Keywords

1 Introduction

Infrared imaging is a technique of capturing the infrared light from objects and converting them into visible images interpretable by a human eye. Near Infrared light is the portion of the electromagnetic spectrum that just past the Red light. The far infrared radiation that is also called thermal infrared radiation is heat emitted by any object that has a temperature above absolute zero. Different objects have different infrared reflectance which makes them look brighter or darker in infrared images.

Fig. 1.
figure 1

The transformation results of our method. As shown, our method can generate results that are very close to groundtruth.

Compared with optical remote sensing images, infrared remote sensing images indicate more information about the essence and distribution of ground objects. However, the facility required for infrared imaging is not only priced high but also demands strict testing conditions. Converting easily-obtained optical remote sensing images into infrared remote sensing images helps overcome these restrictions.

Optical and infrared spectra provide different message. While optical images can provide information similar to what the human eye would see, optical images are incapable of providing useful information in situations where the illumination is poor or the weather is bad [1]. Infrared remote sensing images capture the information of ground objects by their thermal radiation differences. So in certain types of situations, infrared remote sensing images are useful than optical images because infrared information is independent of the quality of the environment. Moreover, infrared remote sensing images are widely applied to various fields such as military reconnaissance, climatology, and environmental monitoring. Therefore, we try to generate costly infrared images by more readily available optical images.

The challenge in our task is how to capture the infrared information from optical images. Most current researches utilize physical features, physical modeling and manual setting of environmental parameters to generate infrared images. Luo et al. [4] proposed a method that converts the infrared image into a grayscale image and then divides it into small parts. However, since the target object cannot be segmented completely, it is necessary to manually segment the target object from the background. After that, the temperature and related atmospheric parameters, which are used to calculate the amount of infrared radiation of the target object, of each segmentation area should be set manually. Finally, the infrared image is obtained by physical modeling. Wu et al. [5] use the histogram to convert optical images to infrared images by learning the characteristics of optical/infrared image pairs, but the method is mainly for the conversion of specific target objects (plants, buildings). Li et al. [6] proposed a neural network-based infrared image generation method, which segments the visible light image into different regions, predicts the temperature of the target object of different materials, and then performs the radiation calculation, but manually segmentation is needed. And the results are directly affected by the segmentation of image. It must be mentioned that these methods have much difficulty in processing large quantities of images simultaneously.

Generative adversarial networks [13] is an effective model for image style transfer. The framework is good at capturing data distribution by learning from a big dataset.
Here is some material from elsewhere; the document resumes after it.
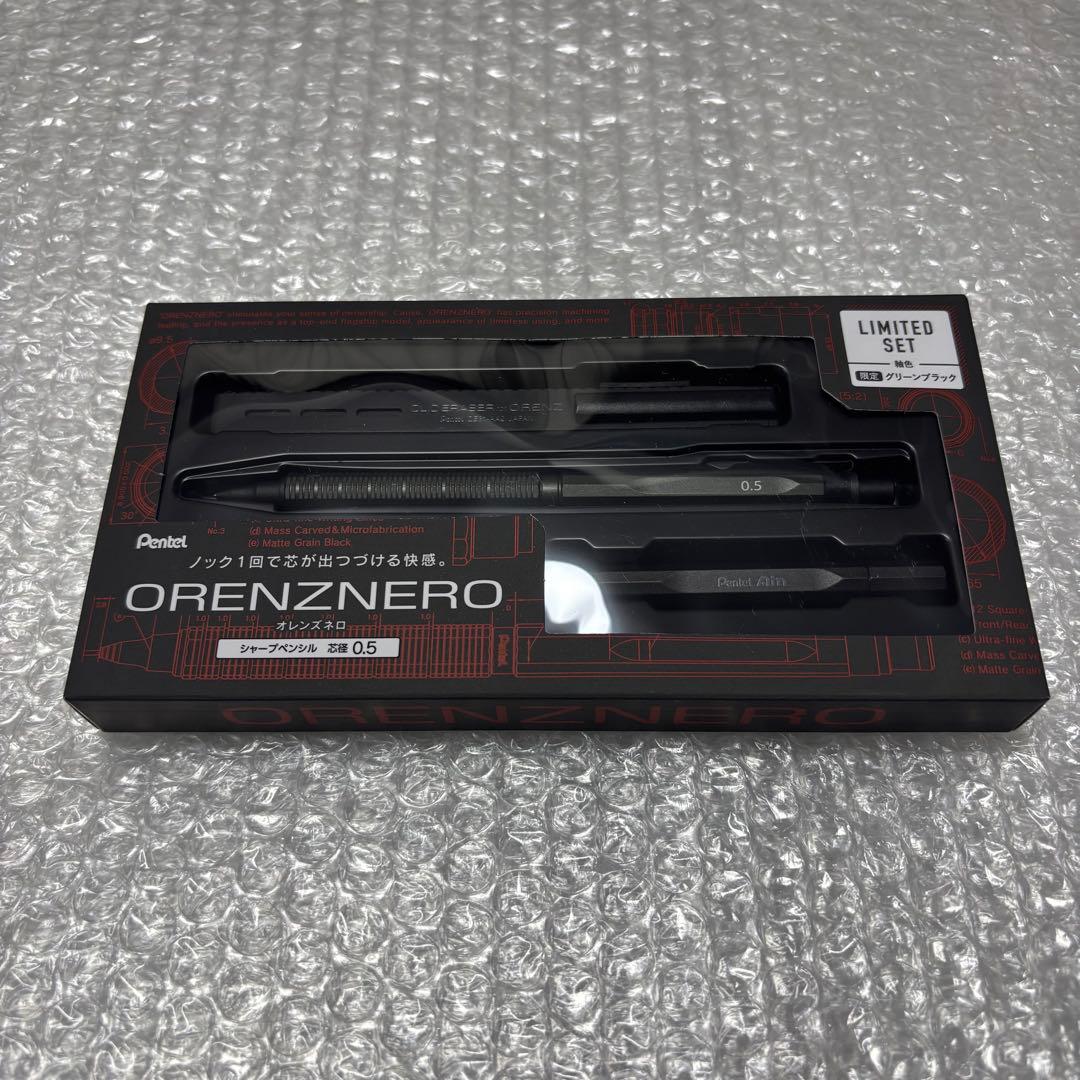 【最安値】ORENZNERO オレンズネロ 0.5 限定色　グリーンブラック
Recently, many generative adversarial models come out by extending the original GANs in different ways. For example, Pix2pixGAN [14] is a kind of conditional GAN requiring to input the real image into the generative model and discriminative model. It mixes the GAN objective with L1 distance to make the output near the ground truth output in an L1 sense. Zhu et al. [11] creatively proposed the framework that contains two generative adversarial networks. CycleGAN [11] only requires unpaired images for training rather than paired images. The training results make it possible to translate an image from each domain to another. StarGAN [12] is a novel model for multi-domain image-to-image translation. It combines domain information with image information to train just one model for multi-domain translation. With more and more research, the existing GAN methods have been able to generate higher quality images. But this is generally only for certain scenarios under the big data set. For example, learning from the natural scene image in the ImageNet [15] dataset, BigGAN [16] has been able to generate realistic and amazing results. However, for many applications in real-life scenarios, such as infrared remote sensing and visible light image dataset, corresponding adjustments are needed to generate satisfactory images. GAN [13] is a powerful framework for image style transfer. But for infrared images, different ground objects have their own infrared radiation characteristics. By simply using a framework based on GAN, e.g. pix2pixGAN, the transformation model would ignore some characteristics.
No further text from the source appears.